### Extracted information
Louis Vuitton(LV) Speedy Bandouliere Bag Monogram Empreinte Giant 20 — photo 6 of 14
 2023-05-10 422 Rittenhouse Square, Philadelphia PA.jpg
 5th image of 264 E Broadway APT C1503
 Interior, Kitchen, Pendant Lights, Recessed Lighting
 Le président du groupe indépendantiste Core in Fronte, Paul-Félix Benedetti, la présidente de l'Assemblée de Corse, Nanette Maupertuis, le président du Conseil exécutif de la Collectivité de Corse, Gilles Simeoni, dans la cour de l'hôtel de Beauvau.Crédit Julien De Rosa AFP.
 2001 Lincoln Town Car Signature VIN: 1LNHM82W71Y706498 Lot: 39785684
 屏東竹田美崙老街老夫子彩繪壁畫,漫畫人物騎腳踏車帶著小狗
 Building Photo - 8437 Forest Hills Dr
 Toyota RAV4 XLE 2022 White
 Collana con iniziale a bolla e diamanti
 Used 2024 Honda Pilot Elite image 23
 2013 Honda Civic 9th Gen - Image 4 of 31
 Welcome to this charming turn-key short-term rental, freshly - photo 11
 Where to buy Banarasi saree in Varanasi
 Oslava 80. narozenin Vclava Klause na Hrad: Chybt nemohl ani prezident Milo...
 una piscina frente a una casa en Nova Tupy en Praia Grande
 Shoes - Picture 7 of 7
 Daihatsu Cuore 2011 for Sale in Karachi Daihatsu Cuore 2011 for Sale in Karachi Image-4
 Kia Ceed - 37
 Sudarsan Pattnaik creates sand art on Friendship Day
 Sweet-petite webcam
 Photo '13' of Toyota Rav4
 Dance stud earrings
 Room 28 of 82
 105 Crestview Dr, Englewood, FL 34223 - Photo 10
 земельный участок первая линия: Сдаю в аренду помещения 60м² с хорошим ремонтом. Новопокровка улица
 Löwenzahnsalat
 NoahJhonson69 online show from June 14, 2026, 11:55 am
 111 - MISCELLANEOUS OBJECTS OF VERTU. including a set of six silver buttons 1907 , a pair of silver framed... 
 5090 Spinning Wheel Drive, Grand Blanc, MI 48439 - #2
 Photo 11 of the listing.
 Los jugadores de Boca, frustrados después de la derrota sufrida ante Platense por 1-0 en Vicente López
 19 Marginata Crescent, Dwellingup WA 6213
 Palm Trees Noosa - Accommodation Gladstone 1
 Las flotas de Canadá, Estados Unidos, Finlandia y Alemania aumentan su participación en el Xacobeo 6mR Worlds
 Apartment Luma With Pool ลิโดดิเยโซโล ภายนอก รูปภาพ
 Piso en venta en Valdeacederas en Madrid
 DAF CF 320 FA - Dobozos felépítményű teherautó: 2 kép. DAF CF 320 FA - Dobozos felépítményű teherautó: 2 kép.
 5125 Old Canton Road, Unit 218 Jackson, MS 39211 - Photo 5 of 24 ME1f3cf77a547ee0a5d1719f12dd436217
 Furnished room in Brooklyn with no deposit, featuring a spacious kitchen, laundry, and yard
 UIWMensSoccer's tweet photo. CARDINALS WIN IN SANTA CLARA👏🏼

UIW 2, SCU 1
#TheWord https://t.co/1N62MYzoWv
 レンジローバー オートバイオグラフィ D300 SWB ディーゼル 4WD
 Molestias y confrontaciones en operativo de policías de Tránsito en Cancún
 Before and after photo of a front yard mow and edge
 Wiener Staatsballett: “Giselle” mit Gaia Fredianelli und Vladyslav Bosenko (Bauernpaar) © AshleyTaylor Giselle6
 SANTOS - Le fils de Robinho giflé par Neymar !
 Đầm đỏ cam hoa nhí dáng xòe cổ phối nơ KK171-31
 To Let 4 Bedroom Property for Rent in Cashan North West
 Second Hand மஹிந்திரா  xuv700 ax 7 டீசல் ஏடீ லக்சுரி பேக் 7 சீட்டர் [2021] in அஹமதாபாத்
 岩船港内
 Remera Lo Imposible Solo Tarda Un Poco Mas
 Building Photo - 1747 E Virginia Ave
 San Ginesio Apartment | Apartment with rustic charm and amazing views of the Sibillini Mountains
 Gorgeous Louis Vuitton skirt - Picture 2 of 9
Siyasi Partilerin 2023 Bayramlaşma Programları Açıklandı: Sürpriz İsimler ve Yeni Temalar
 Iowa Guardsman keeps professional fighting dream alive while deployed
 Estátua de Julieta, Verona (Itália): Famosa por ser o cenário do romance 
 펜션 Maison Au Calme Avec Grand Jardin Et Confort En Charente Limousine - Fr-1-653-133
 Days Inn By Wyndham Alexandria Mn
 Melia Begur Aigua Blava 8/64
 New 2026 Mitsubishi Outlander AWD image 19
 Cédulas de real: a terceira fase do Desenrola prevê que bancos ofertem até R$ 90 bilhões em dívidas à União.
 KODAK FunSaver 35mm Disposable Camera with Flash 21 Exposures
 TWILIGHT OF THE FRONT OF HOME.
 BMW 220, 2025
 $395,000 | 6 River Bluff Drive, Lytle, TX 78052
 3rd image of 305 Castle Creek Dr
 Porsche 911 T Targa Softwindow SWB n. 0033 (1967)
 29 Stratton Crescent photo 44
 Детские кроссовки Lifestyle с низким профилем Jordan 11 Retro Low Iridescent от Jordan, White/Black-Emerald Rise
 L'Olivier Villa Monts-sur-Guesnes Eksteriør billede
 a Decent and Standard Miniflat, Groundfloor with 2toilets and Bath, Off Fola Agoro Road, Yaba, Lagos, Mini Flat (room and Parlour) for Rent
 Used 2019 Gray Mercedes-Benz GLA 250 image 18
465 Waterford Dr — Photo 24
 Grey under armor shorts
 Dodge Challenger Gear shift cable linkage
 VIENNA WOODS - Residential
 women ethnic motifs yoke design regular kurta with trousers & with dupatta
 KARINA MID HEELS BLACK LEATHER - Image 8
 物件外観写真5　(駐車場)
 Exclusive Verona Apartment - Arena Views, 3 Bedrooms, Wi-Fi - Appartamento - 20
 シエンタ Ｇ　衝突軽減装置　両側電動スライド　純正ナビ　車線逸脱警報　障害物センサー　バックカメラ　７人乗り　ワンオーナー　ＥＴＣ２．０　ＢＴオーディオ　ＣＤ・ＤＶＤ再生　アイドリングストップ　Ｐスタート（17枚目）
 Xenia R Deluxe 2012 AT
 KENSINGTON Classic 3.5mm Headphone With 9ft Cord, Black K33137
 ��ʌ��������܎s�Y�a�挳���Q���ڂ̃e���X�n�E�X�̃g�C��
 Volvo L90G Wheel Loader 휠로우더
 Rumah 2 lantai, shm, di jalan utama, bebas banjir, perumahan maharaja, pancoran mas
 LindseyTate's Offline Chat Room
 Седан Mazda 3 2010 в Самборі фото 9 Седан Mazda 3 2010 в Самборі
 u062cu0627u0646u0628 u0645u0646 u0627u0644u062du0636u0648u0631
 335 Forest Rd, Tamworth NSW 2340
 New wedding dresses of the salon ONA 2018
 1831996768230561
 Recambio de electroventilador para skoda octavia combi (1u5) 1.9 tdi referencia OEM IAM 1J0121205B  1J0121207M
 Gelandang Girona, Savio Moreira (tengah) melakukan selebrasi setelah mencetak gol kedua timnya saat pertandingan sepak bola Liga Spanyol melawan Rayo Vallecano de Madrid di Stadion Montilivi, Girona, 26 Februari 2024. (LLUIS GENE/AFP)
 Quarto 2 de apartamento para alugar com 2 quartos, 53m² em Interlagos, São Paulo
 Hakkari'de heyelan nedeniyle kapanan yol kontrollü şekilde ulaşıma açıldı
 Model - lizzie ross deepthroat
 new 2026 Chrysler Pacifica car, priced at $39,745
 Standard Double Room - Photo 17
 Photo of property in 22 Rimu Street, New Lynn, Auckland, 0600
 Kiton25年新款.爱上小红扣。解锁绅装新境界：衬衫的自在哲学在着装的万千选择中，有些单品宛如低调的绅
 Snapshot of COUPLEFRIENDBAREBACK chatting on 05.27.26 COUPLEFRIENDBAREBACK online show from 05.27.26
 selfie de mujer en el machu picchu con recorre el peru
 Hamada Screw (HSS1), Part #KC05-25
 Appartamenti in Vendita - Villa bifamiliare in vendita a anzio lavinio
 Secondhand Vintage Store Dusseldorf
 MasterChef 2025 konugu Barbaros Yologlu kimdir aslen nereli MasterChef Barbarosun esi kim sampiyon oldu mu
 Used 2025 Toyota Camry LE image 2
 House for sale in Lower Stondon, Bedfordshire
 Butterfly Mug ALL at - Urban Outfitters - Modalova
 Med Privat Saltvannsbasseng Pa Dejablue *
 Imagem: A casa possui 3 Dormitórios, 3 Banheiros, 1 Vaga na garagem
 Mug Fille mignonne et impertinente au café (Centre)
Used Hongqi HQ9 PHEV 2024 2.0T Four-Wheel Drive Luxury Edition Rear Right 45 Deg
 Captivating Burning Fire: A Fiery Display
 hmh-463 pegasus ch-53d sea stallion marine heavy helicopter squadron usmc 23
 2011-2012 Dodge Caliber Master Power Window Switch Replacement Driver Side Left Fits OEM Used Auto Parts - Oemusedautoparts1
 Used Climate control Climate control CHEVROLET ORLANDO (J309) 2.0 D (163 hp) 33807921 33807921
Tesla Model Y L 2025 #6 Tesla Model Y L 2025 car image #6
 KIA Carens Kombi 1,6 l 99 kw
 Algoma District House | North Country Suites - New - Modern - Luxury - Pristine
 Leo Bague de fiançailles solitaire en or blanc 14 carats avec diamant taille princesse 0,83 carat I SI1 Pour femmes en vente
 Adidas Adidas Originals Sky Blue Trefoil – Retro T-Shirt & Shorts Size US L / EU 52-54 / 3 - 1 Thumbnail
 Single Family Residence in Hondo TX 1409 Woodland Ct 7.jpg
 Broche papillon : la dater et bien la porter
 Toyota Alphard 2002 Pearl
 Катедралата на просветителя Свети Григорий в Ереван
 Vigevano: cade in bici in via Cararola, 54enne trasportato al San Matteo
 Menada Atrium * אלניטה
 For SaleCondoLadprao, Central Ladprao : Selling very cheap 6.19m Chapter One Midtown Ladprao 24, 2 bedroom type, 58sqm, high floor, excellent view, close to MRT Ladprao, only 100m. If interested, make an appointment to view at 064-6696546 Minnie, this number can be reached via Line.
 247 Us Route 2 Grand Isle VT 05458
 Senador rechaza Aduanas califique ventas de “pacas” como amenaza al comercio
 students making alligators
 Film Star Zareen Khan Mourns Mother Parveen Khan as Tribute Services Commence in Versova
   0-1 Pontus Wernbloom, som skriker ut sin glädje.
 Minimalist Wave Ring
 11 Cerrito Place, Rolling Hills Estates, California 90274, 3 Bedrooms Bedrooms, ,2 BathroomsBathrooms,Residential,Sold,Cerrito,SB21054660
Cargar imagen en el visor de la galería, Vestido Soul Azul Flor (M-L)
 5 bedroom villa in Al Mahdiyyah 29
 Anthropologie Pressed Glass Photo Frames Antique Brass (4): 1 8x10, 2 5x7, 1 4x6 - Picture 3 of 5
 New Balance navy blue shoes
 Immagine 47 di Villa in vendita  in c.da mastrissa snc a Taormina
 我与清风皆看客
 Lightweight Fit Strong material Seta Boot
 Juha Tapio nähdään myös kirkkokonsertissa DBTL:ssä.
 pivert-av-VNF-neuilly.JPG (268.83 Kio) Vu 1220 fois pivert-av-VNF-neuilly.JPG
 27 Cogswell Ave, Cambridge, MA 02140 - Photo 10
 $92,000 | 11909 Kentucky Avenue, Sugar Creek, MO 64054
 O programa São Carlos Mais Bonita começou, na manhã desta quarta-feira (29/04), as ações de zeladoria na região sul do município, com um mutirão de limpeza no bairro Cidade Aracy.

### Goal of the exercise
Wherever the word "Dodge" occurs in the data, copy that whole line.

### Result
 Dodge Challenger Gear shift cable linkage
 2011-2012 Dodge Caliber Master Power Window Switch Replacement Driver Side Left Fits OEM Used Auto Parts - Oemusedautoparts1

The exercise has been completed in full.